== DATA TO USE ==

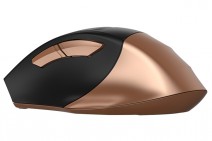 A4 TECH FG35 OPTIK MOUSE NANO USB BRONZ 2000 DPI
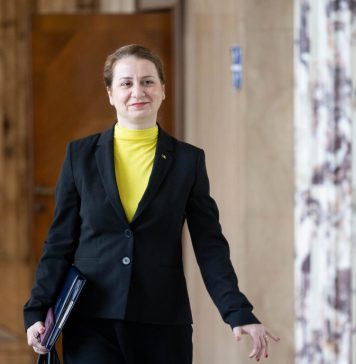 Ligia Deca, despre legile educaţiei: Vor fi făcute publice după finalizarea procesului de consultare publică, la începutul anului viitor, după vacanţă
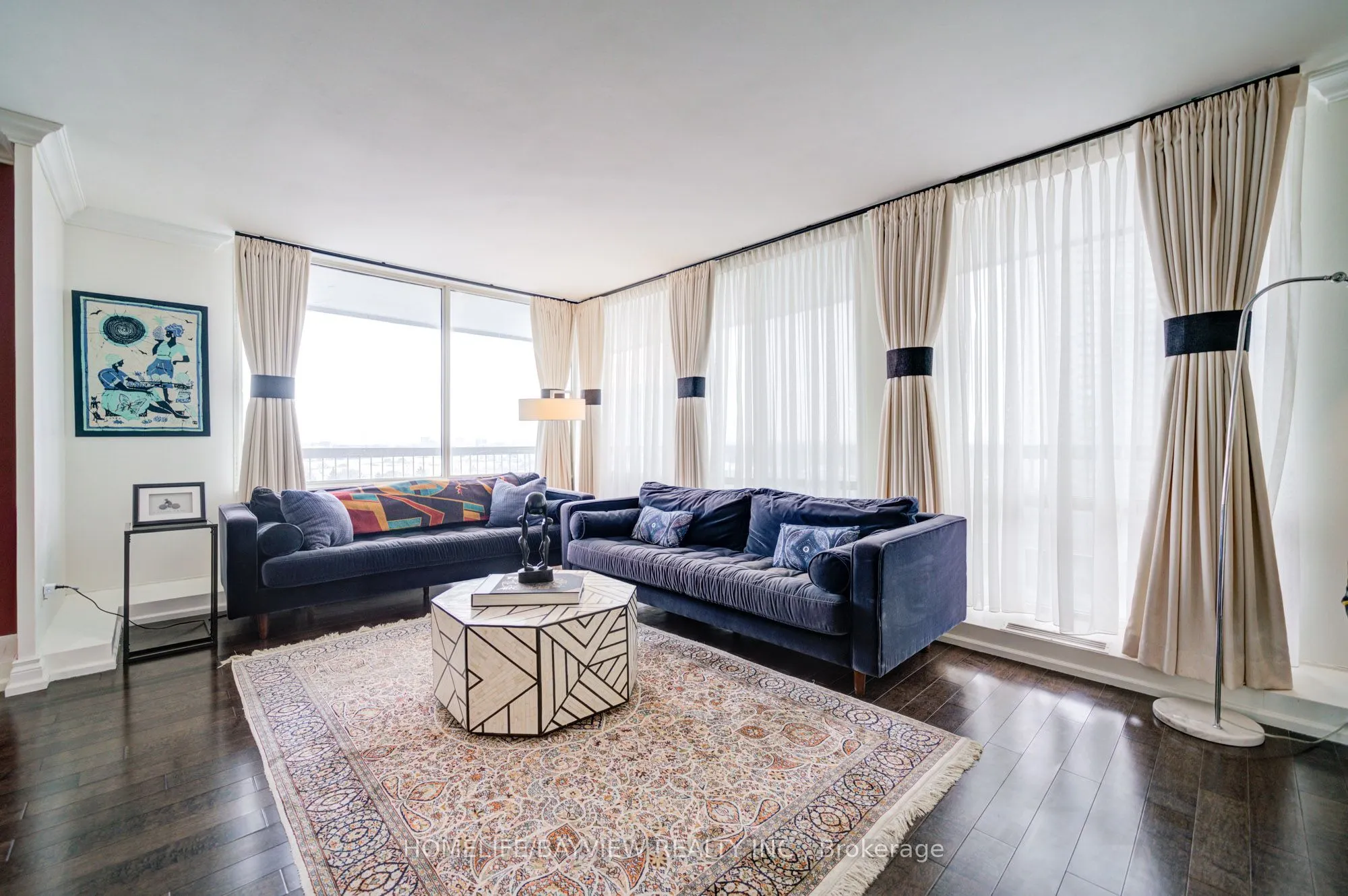 115 Antibes Drive, #806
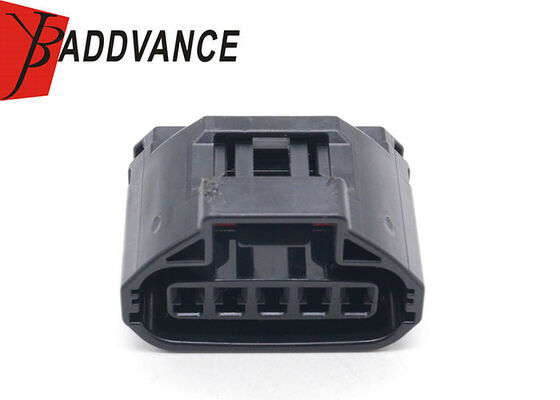 6189-7190 Conector de bobina de encendido estándar de 5 pines femenino original para Mazda S3128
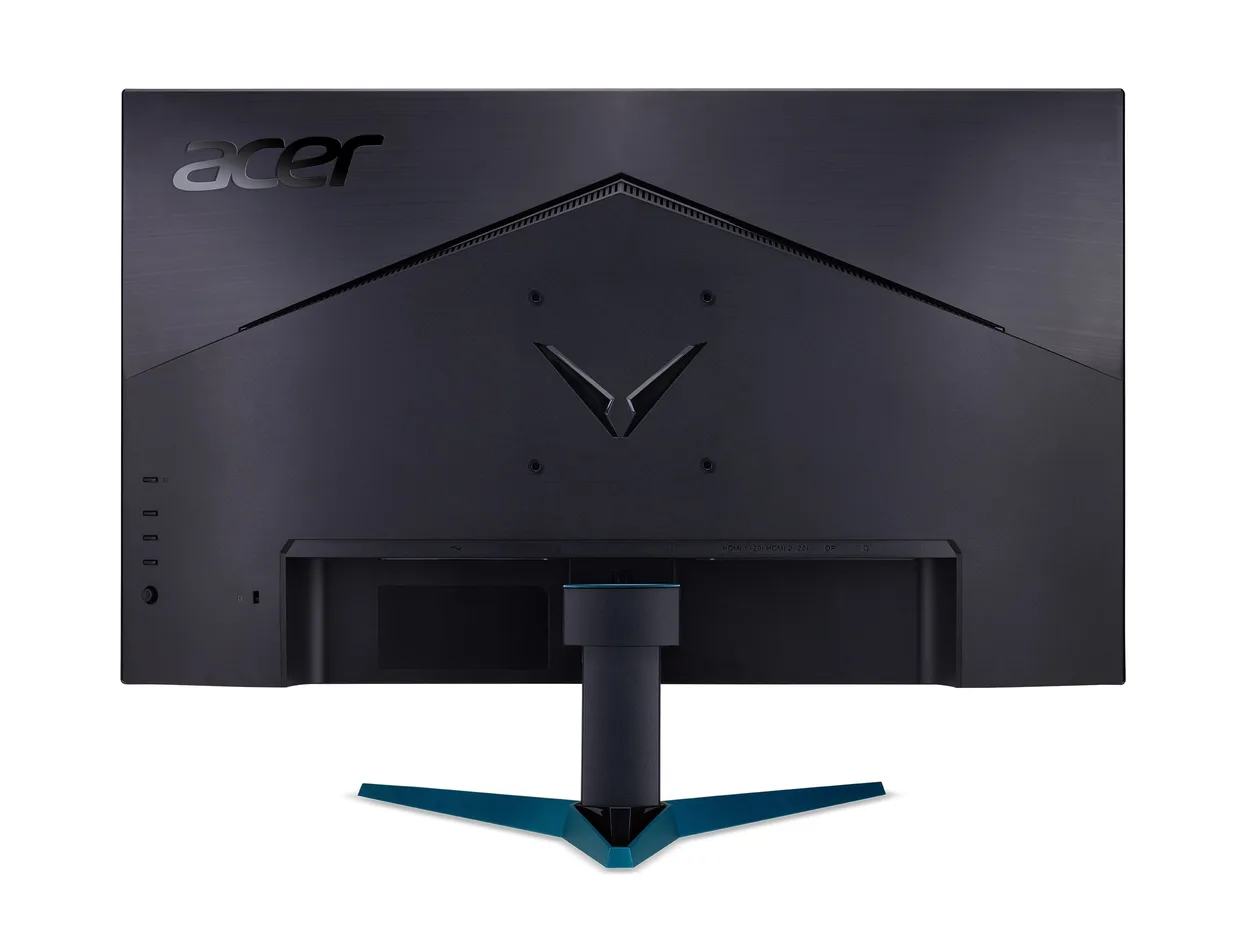 Монитор Acer 27" Nitro VG271U M3bmiipx (UM.HV1EE.301) — фото 4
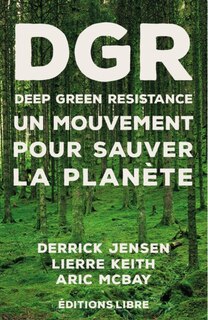 Couverture_Un mouvement pour sauver la planète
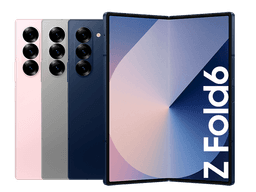 Samsung Galaxy Fold 6 - view 1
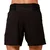 GymBeam Pulse Running shorts 2in1 Black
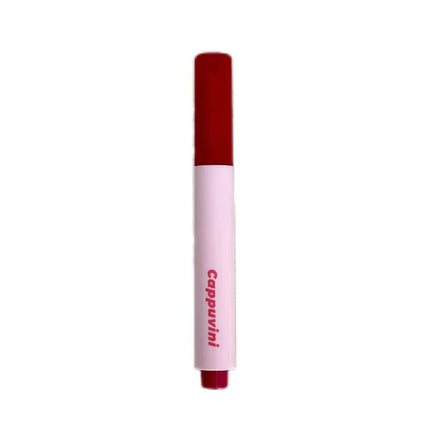 Shimmer Heart Jelly Lipstick Pen Hydrating Ice Rose Solid Lip Gloss Tinted Mirror Finish Water Gloss Pomelo Lip Balm Cosmetics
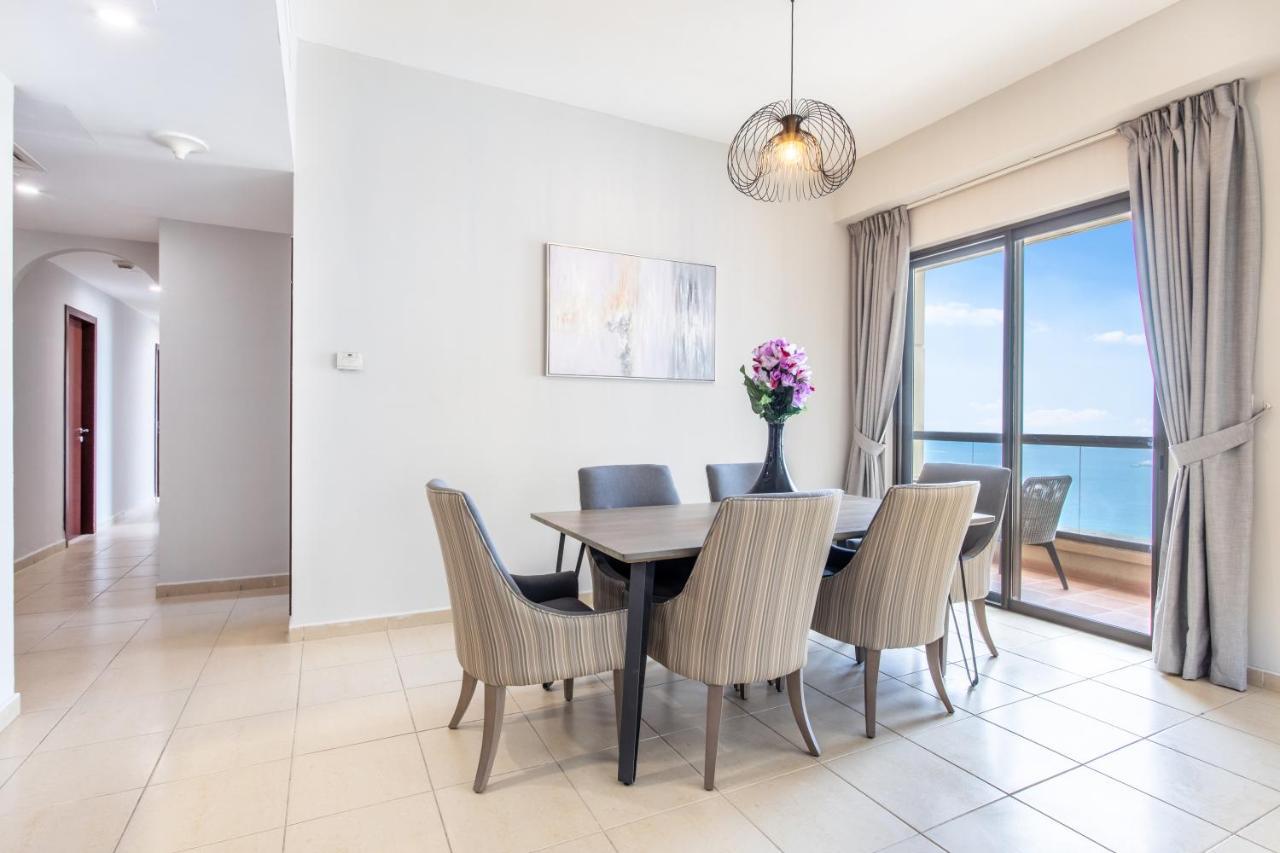 Icon Casa Living - Rimal 3 Residence - Jbr Dubai Buitenkant foto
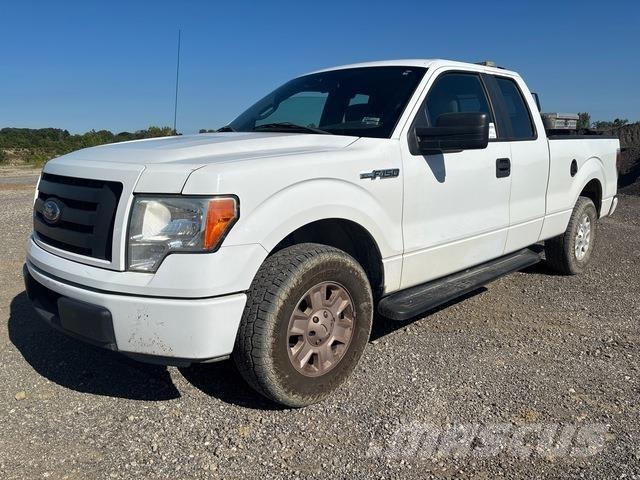 Ford F-150 Anders
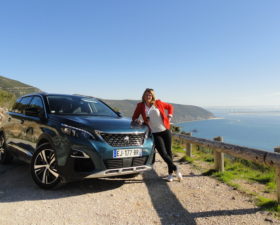 Essai, testdrive, peugeot, 5008, peugeot 5008, SUV, aurore descannevelle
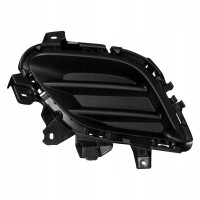 Решітка бампера Mazda 6 GJ 13-16 ліва (FPS) без отвору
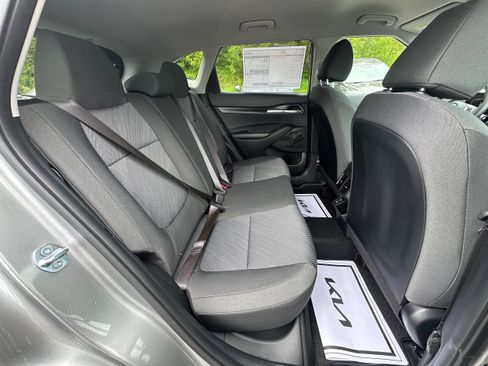 New 2026 Kia Seltos LX AWD/4WD image 14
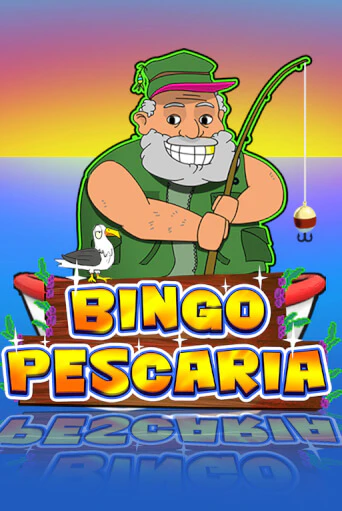 Демо игра Bingo Pescaria играть онлайн | Казино Икс бесплатно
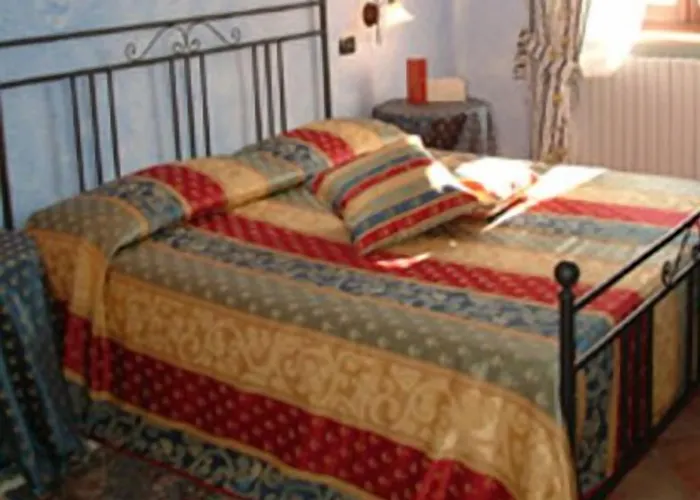 La Del Nocciolo * ノヴェッロ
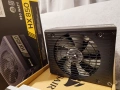 компютърно захранване Corsair HX-850 850W Platinum, снимка 1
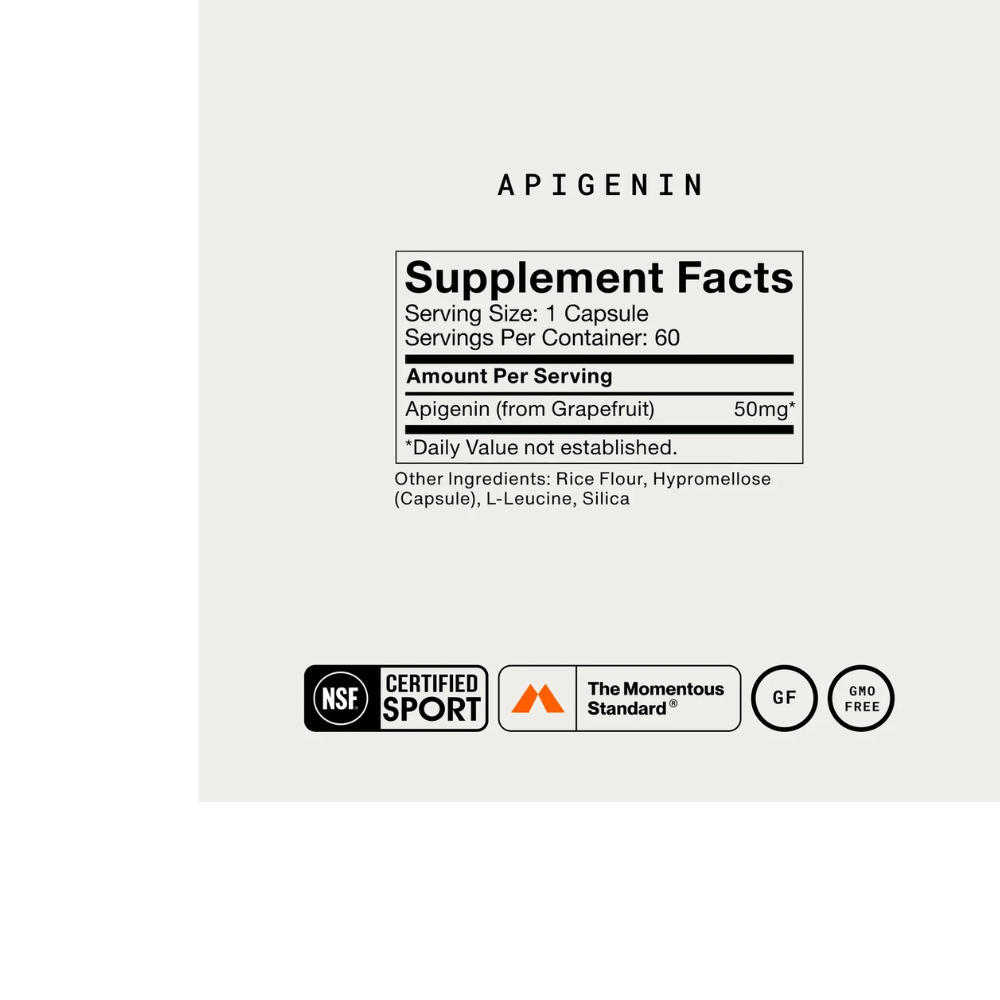 APIGENIN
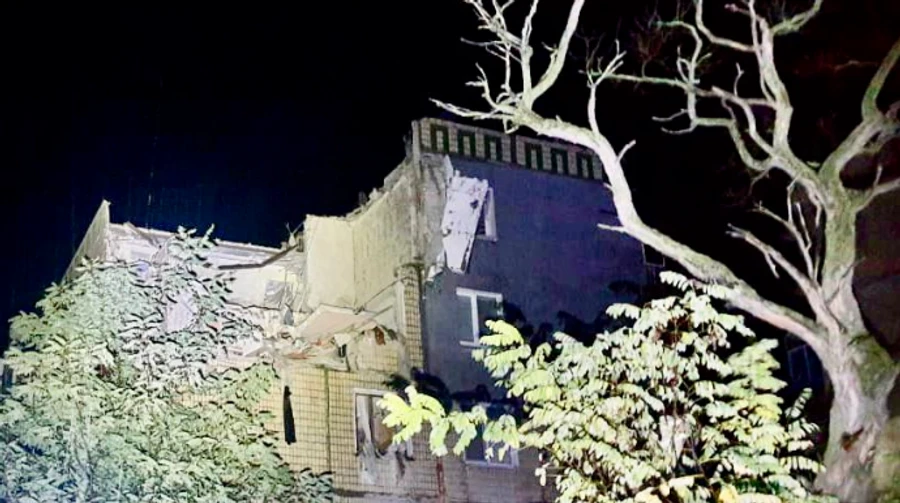 Росіяни накрили з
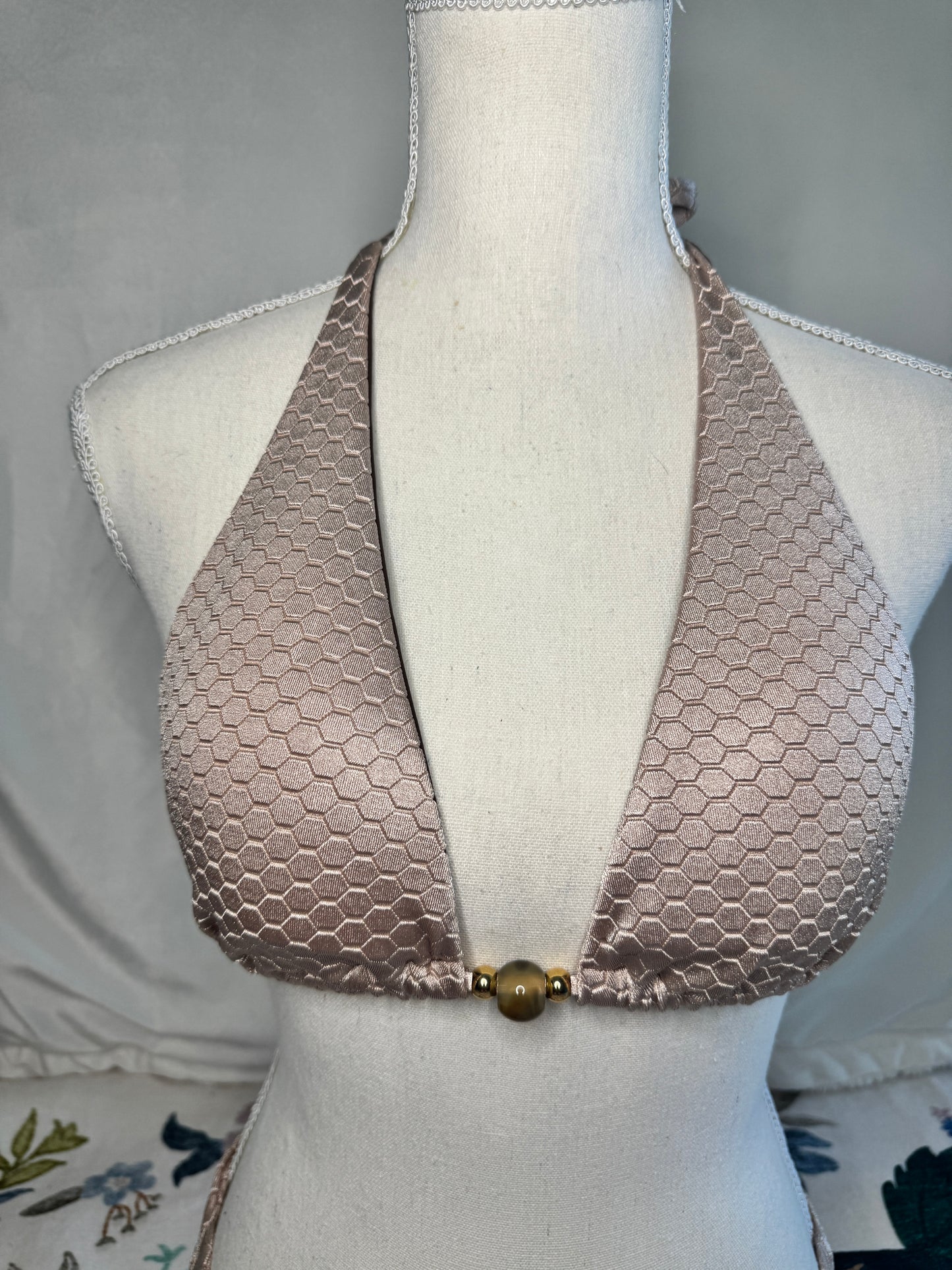 Champagne Bliss Top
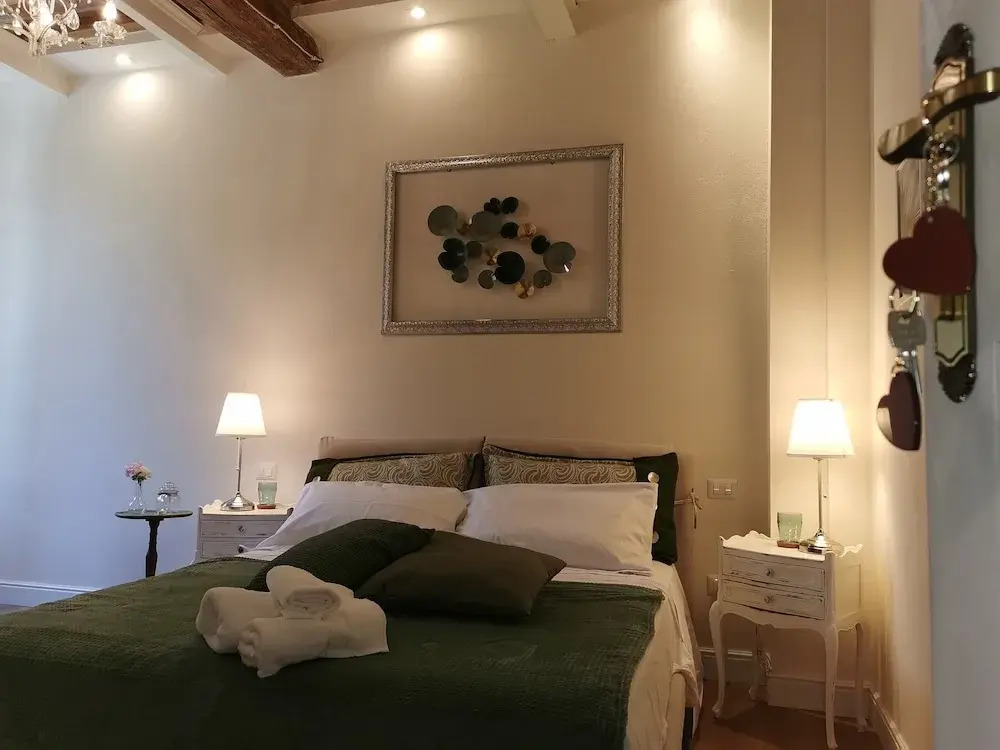 AriediParma - Rooms&apartments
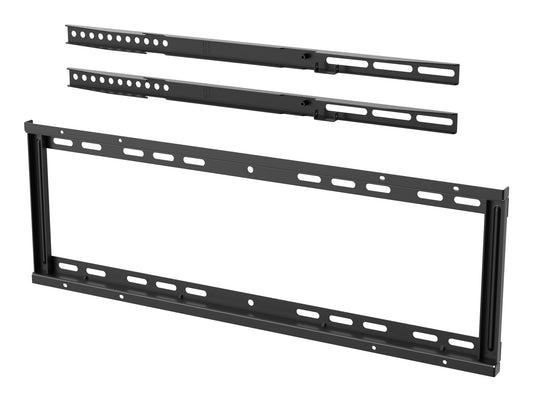 Yealink MD-WallMount 86" Black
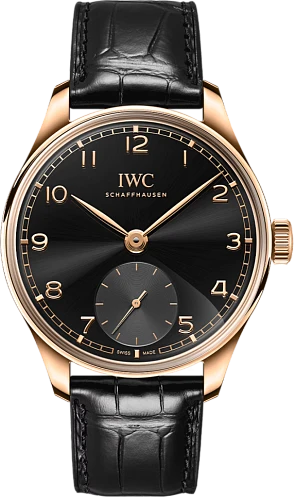Заказать Iwc  Portugieser Automatic 40  IW358401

===

ASSIGNMENT
Write out the lines of the listing from the one that holds "Samsung Galaxy Fold 6 - view 1" to the very last line, both included, exactly as they appear and without any pictures.

TASK SOLUTION
 Samsung Galaxy Fold 6 - view 1
 GymBeam Pulse Running shorts 2in1 Black
 Shimmer Heart Jelly Lipstick Pen Hydrating Ice Rose Solid Lip Gloss Tinted Mirror Finish Water Gloss Pomelo Lip Balm Cosmetics
 Icon Casa Living - Rimal 3 Residence - Jbr Dubai Buitenkant foto
 Ford F-150 Anders
 Essai, testdrive, peugeot, 5008, peugeot 5008, SUV, aurore descannevelle
 Решітка бампера Mazda 6 GJ 13-16 ліва (FPS) без отвору
 New 2026 Kia Seltos LX AWD/4WD image 14
 Демо игра Bingo Pescaria играть онлайн | Казино Икс бесплатно
 La Del Nocciolo * ノヴェッロ
 компютърно захранване Corsair HX-850 850W Platinum, снимка 1
 APIGENIN
 Росіяни накрили з
 Champagne Bliss Top
 AriediParma - Rooms&apartments
 Yealink MD-WallMount 86" Black
Заказать Iwc  Portugieser Automatic 40  IW358401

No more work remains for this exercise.